TASK DIRECTIONS: Return every line of the records that includes the string "hanging".

START AVAILABLE RECORDS

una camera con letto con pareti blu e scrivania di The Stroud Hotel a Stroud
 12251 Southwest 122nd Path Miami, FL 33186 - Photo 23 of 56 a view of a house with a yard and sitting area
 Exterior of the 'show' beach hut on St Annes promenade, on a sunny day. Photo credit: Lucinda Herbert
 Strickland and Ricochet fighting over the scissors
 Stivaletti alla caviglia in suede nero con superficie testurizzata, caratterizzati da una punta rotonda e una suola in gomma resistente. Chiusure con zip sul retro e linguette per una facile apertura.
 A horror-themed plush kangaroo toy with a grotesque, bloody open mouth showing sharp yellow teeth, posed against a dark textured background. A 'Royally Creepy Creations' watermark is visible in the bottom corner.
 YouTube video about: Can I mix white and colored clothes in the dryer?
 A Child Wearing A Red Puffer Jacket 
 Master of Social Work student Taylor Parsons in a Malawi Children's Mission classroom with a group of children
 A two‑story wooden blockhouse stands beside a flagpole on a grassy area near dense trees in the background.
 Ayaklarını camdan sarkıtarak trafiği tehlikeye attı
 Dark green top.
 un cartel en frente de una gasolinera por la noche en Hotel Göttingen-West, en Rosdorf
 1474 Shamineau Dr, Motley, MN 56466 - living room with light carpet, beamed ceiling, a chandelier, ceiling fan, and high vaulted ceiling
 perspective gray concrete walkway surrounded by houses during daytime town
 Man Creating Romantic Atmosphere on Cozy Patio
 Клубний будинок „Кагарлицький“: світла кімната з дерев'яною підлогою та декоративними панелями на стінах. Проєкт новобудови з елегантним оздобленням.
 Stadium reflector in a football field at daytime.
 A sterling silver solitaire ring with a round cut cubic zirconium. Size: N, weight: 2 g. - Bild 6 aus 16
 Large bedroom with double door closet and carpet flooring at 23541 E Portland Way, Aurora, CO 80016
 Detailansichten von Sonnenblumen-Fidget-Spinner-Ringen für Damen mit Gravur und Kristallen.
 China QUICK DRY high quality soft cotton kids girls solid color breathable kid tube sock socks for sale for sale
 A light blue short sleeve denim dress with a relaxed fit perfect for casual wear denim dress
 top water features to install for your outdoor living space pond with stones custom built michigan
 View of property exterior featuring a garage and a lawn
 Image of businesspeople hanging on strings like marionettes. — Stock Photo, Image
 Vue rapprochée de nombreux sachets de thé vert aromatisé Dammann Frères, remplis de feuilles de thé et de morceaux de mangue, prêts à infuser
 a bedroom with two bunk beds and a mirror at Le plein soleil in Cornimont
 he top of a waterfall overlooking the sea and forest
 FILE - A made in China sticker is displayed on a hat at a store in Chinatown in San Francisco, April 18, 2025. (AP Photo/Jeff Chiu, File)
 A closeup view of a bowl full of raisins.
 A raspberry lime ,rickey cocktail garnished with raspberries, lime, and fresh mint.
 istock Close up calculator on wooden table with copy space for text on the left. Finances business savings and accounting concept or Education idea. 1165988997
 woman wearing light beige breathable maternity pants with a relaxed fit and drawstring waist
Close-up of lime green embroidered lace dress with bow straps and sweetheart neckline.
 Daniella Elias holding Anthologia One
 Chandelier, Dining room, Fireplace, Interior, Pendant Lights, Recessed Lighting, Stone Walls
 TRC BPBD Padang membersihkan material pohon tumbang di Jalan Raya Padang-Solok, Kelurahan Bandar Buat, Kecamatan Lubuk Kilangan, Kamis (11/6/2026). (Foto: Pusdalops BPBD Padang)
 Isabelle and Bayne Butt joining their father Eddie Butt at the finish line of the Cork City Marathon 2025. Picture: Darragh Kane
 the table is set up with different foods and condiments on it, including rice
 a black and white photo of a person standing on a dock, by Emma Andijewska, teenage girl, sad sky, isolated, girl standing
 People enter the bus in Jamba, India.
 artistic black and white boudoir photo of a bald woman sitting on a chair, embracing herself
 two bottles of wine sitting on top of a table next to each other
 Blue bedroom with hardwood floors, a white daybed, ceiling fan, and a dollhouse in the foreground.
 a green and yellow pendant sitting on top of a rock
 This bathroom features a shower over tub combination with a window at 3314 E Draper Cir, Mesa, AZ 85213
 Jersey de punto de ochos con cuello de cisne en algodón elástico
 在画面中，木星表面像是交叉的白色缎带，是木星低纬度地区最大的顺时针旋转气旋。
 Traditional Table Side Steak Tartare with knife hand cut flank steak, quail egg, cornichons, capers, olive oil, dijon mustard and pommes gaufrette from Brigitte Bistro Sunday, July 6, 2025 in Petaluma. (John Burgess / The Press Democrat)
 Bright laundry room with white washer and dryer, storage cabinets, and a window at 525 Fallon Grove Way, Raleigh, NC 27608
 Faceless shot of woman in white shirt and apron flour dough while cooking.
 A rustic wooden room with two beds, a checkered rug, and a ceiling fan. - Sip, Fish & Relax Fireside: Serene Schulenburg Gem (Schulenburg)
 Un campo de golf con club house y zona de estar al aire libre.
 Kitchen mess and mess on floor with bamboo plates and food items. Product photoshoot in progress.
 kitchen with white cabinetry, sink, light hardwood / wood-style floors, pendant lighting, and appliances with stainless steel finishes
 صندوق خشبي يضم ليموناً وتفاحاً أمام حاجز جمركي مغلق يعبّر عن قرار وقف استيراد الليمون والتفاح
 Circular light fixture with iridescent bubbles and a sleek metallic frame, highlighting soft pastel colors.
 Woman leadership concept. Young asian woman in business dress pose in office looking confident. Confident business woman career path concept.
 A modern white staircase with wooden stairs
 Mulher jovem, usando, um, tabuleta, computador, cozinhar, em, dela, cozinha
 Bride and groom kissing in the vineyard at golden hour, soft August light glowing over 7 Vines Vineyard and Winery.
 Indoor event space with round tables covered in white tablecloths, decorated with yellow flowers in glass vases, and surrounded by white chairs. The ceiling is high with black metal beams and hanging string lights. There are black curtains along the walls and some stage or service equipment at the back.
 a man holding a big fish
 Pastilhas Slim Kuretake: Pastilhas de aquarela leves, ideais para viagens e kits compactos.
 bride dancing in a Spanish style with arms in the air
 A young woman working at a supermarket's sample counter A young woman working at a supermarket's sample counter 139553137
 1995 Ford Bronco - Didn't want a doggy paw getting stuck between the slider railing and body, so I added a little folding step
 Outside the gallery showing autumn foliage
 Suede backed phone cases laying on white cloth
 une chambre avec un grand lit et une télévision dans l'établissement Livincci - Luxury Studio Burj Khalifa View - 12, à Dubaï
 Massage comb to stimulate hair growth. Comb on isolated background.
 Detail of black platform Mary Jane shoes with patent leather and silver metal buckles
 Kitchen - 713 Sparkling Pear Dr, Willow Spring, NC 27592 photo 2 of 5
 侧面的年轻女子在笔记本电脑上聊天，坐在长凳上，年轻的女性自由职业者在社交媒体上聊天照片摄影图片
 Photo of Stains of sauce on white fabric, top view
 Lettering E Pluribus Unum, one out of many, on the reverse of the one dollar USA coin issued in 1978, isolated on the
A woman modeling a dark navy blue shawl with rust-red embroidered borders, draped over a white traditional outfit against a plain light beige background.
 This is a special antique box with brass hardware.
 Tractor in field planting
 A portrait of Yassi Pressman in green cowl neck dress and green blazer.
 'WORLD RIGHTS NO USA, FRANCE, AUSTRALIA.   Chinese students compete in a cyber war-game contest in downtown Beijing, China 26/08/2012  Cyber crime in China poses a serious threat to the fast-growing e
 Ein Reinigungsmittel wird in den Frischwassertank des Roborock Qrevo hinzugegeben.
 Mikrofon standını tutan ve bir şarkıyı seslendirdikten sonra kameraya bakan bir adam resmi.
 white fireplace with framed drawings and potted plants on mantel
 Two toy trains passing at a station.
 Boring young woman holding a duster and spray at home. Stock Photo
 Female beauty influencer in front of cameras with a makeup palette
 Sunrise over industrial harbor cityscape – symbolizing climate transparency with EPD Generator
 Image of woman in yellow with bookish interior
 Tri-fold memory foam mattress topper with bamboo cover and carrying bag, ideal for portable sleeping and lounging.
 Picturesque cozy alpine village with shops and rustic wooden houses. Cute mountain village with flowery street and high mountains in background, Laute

END AVAILABLE RECORDS

THE COMPLETED TASK:
 Image of businesspeople hanging on strings like marionettes. — Stock Photo, Image
 Indoor event space with round tables covered in white tablecloths, decorated with yellow flowers in glass vases, and surrounded by white chairs. The ceiling is high with black metal beams and hanging string lights. There are black curtains along the walls and some stage or service equipment at the back.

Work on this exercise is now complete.